On Jan 27, 2009, at 9:22 AM, Chris Williams wrote:
Virtually all applications I’ve seen that are “slow” are slow not because of CPU time, but because of other operations (such as disk and network accesses) that are orders of magnitude more expensive. Or because they needlessly do operations many times where once would do.
This is true for many traditional desktop applications (word processing, spreadsheets, etc), but not true for scientific applications where often the working set fits the prefetching behavior and cache size well and thus the CPU is the bottleneck simply by virtue of how long the operations take to execute.
Certainly you know more about the specifics of your application and its larger objectives than a compiler can know. And therefore you CAN write code that is faster in the individual case than a compiler. That is quite true.
But I have said this before, in 25+ years in the software business I’ve seen precisely one case where someone made huge performance gains in an application by hand-coding or tricking the compiler, and that was almost 20 years ago when the person wrote code that just fit in the 80286 pre-fetch cache.
You'd be surprised at how often that same trick is used today. This is also why things like cache affinity in the scheduler have become important. Not only is the code being written to fit in the cache, but the data is being partitioned to be used by threads cooperatively so that multiple cores can share cache lines.

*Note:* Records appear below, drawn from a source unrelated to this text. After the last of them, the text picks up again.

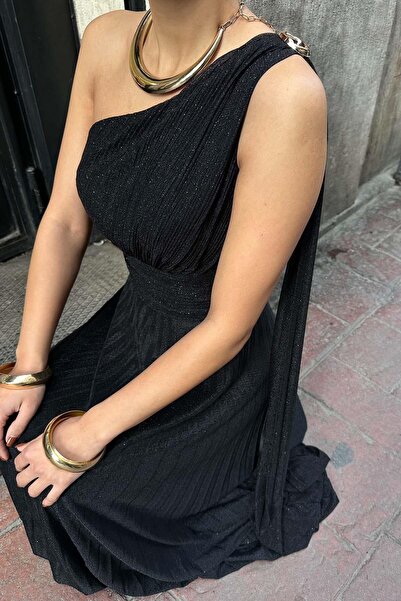 My Loore Kadın Siyah Tek Omuz Uzun Abiye Elbise | Özel Gün & Davet Elbisesi MLB110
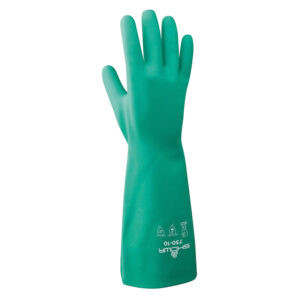 Guante de Protección Química de Nitrilo con Forro Flocado, 730, Showa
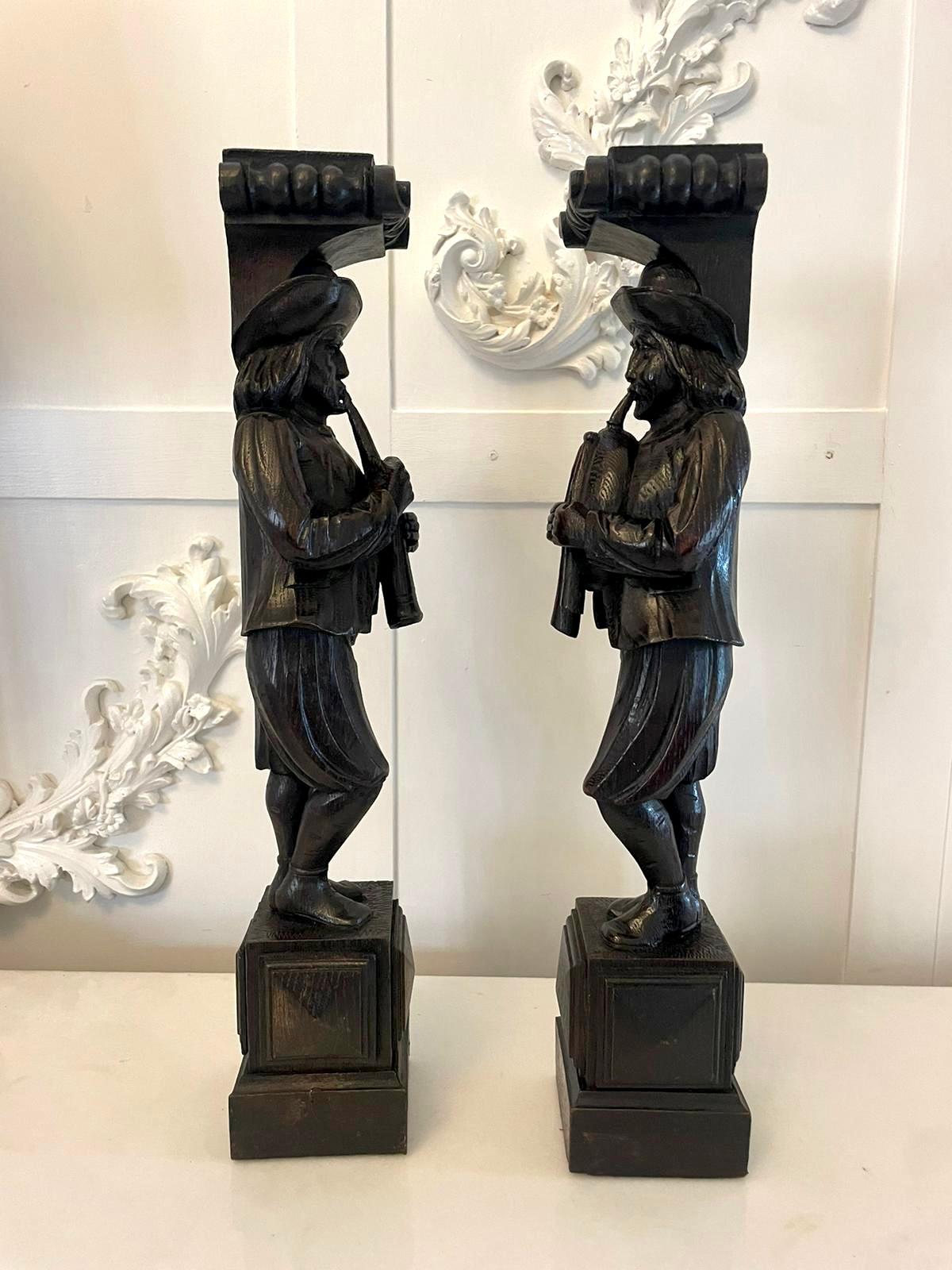 Unusual Pair of Antique Victorian Quality Carved Oak Figures  For Sale 5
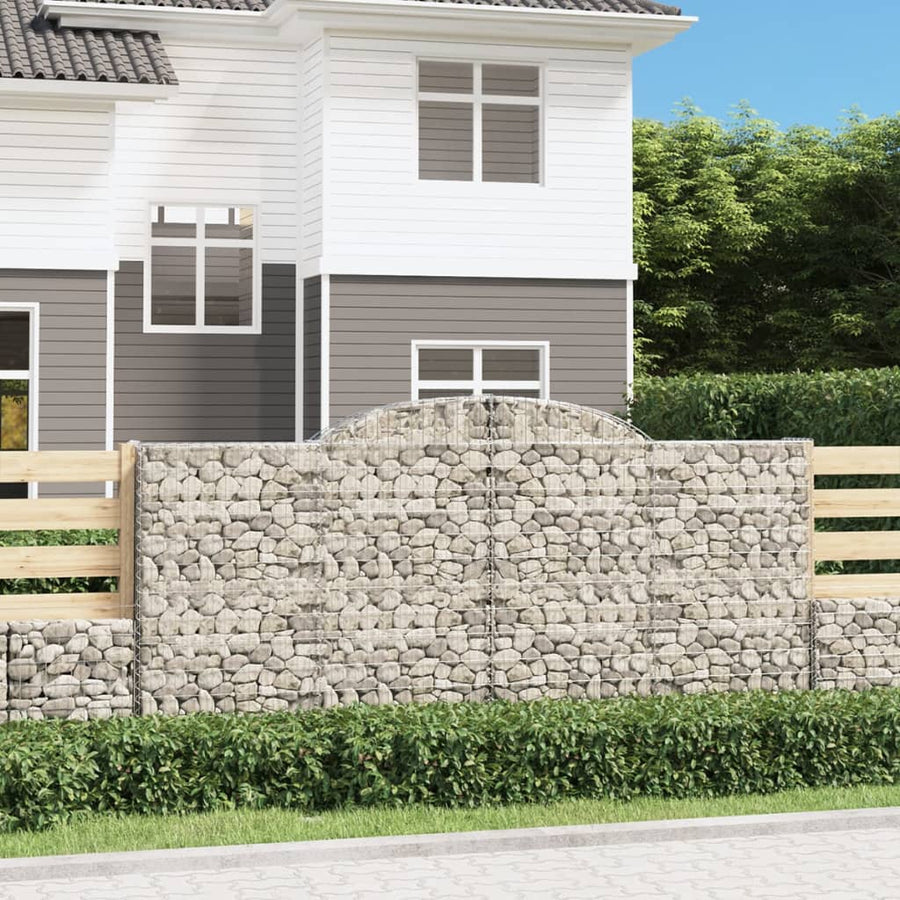 Schanskorven 2 st gewelfd 300x50x140/160 cm ijzer 2 300 x 50 x 140/160 cm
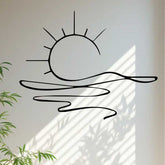 Minimalist Sunrise Wall Art in metal decor style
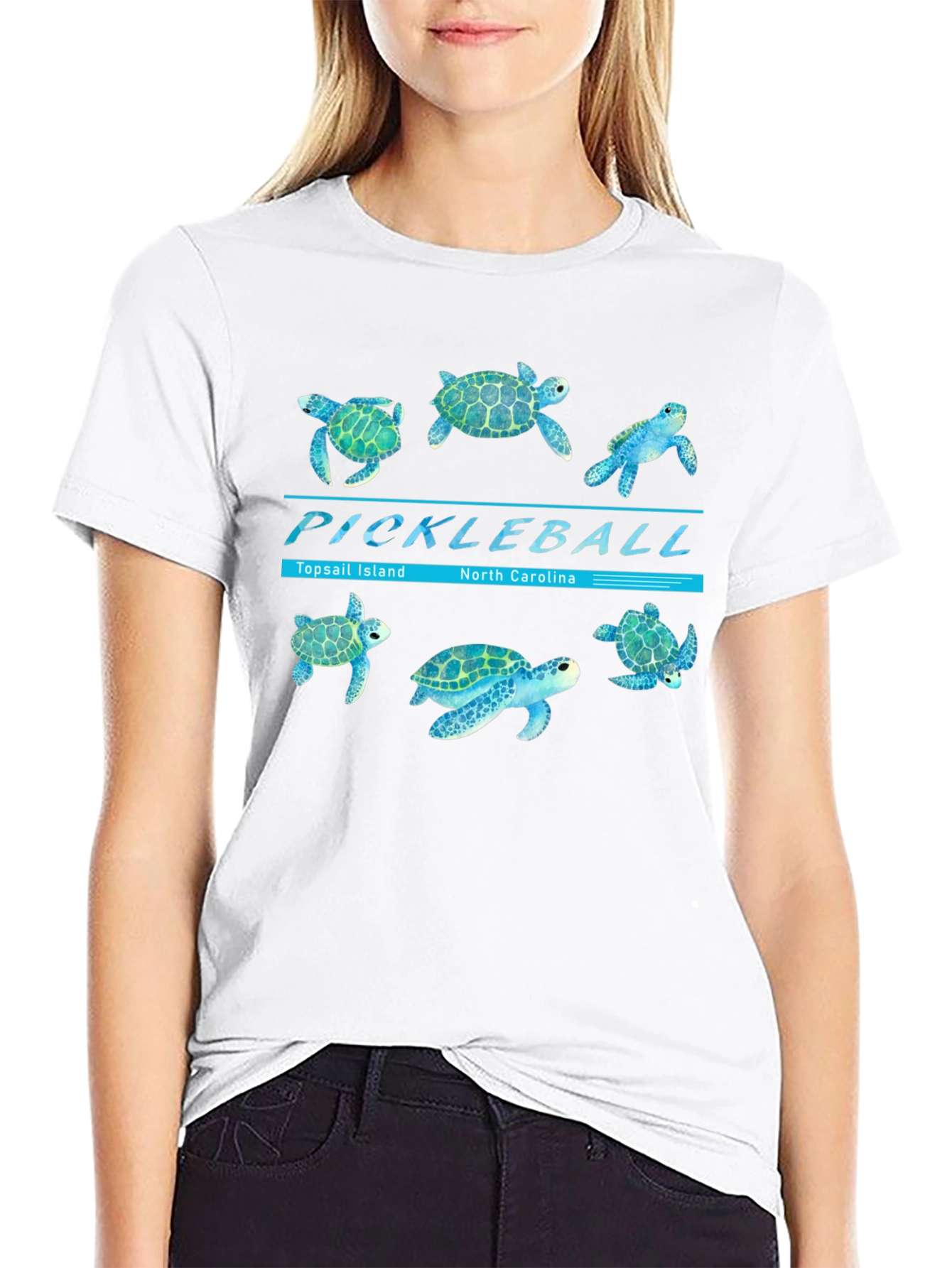 Pickleball Topsail Island Turtle Graphic Tee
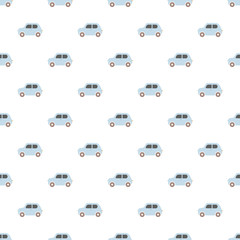 Vector seamless pattern with flat cartoon car. Seamless pattern.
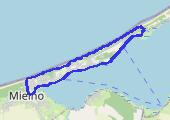 Mielno - wrota sztormów na kanale J. Jamno - mapa trasy gps - marsz
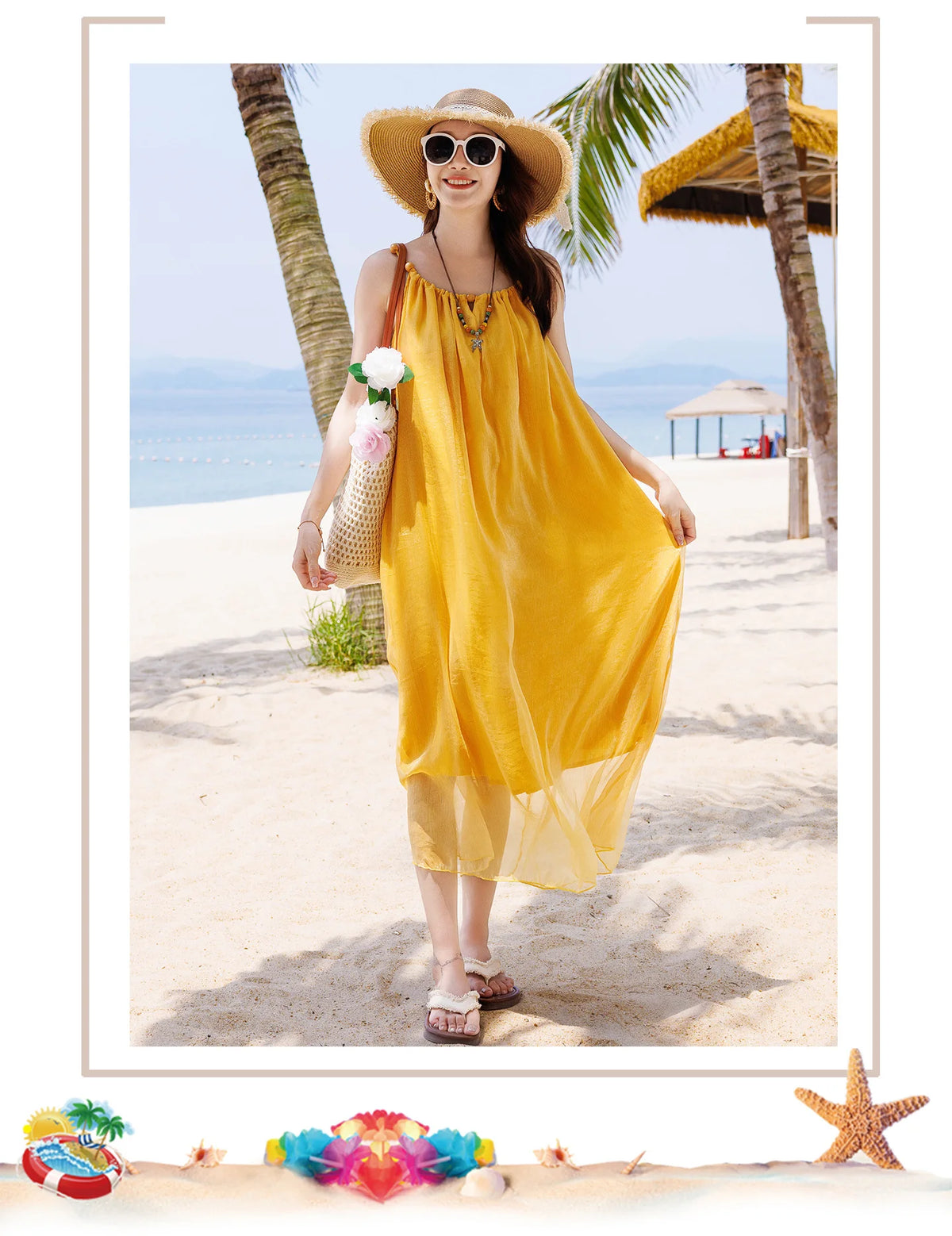 Vacation Family Matching Outfit Beach Mother‑Daughter Girls Yellow Maxi Dress Father‑Son Tops Shorts Sets Holiday Couple Clothes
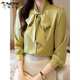Woodpecker Chiffon Chiffon Chiffon Femenina de manga larga Spring y otoño NUEVA IMITACIÓN Temperamento de seda Base Base Blue 9276 S _80-95Jin [Jin equivale a 0.5 kg]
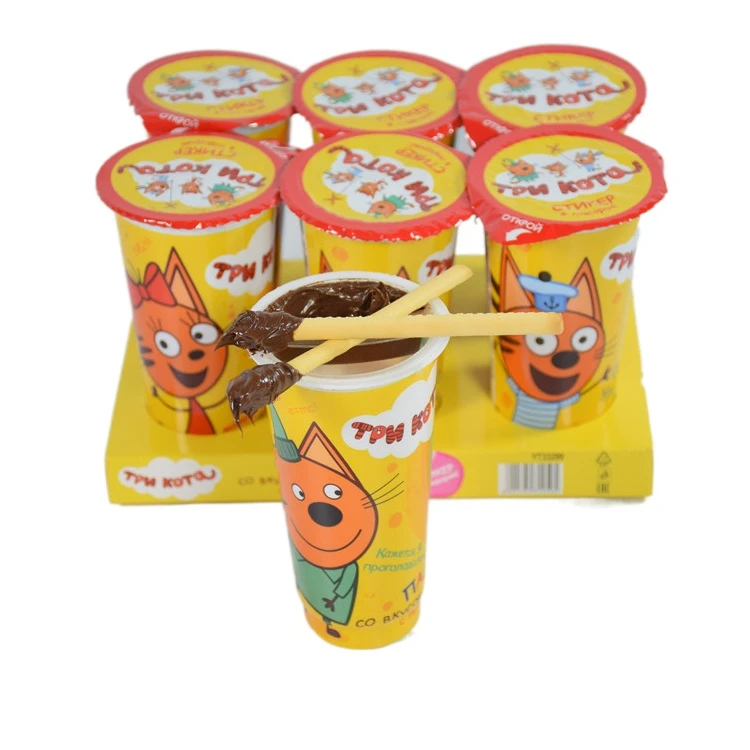 Chinese Snacks Food Supplier Confectionery OEM Compound Chocolate Coated Fingers Biscuits Kids Favorite Chocolate Snack Cup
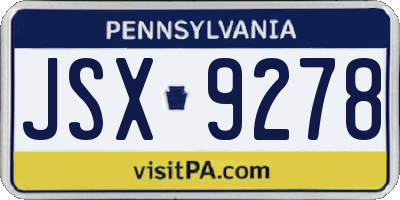 PA license plate JSX9278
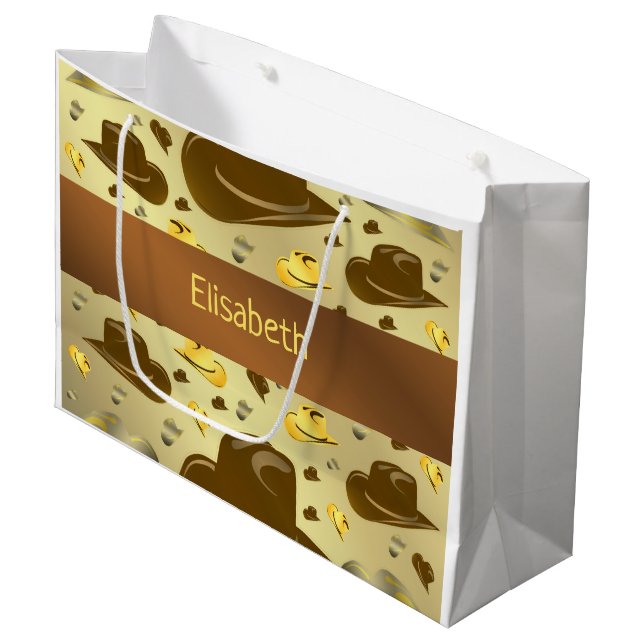 pattern of little cowboy in brown tones large gift bag (Front Angled)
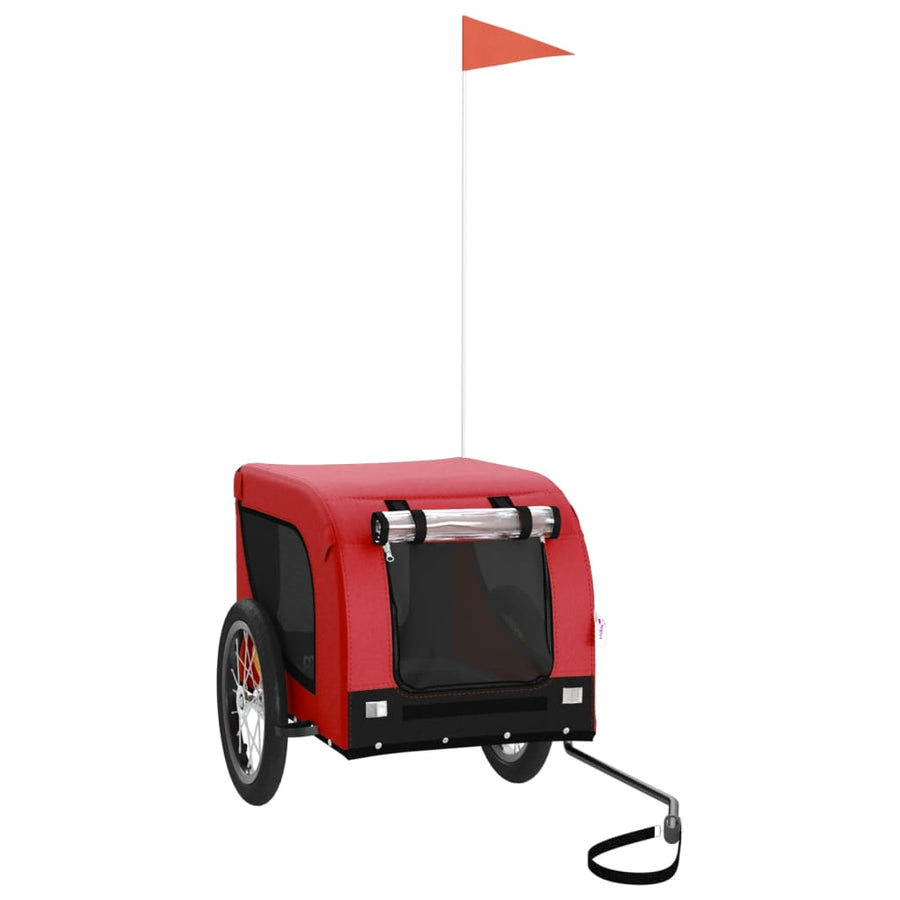 Hondenfietstrailer Oxford Stof En Ijzer En Zwart 124 x 65 x 66 cm Rood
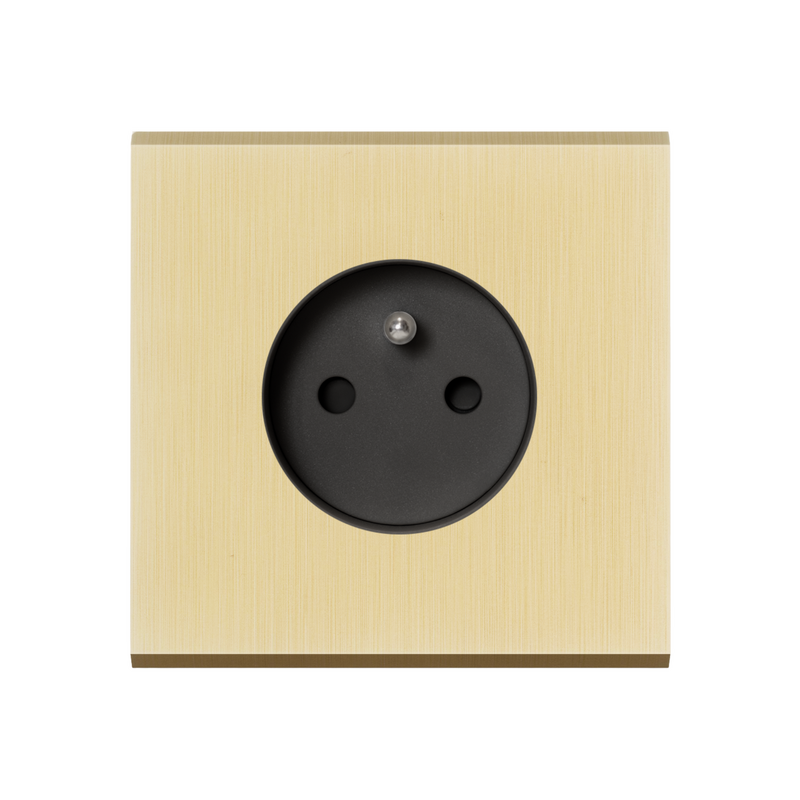 MODELEC stopcontact geborsteld messing - penaarde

In every other case, the return on time investment for this kind of stuff is tiny (or negative) and serves merely to amuse the inner-geek in the coder and not the larger case of making the application faster.
Look at any large scientific application that has no user interface and does nothing but number crunching. An improvement in the computational kernel improves the execution time significantly. Most of the time, this involves manually scheduling the code or using processor features that the compiler doesn't use. This is why many math libraries use assembly and have variants for each processor microarchitecture.
In any case, profile first. Optimizing a function that takes 1% of the execution time of an action will at most improve overall performance by 1%. For performance work, intuition is frequently wrong. Use the tools available to you (Shark, Instruments, DTrace) and collect information showing what the bottleneck is and then tackle it.
</soapbox> :)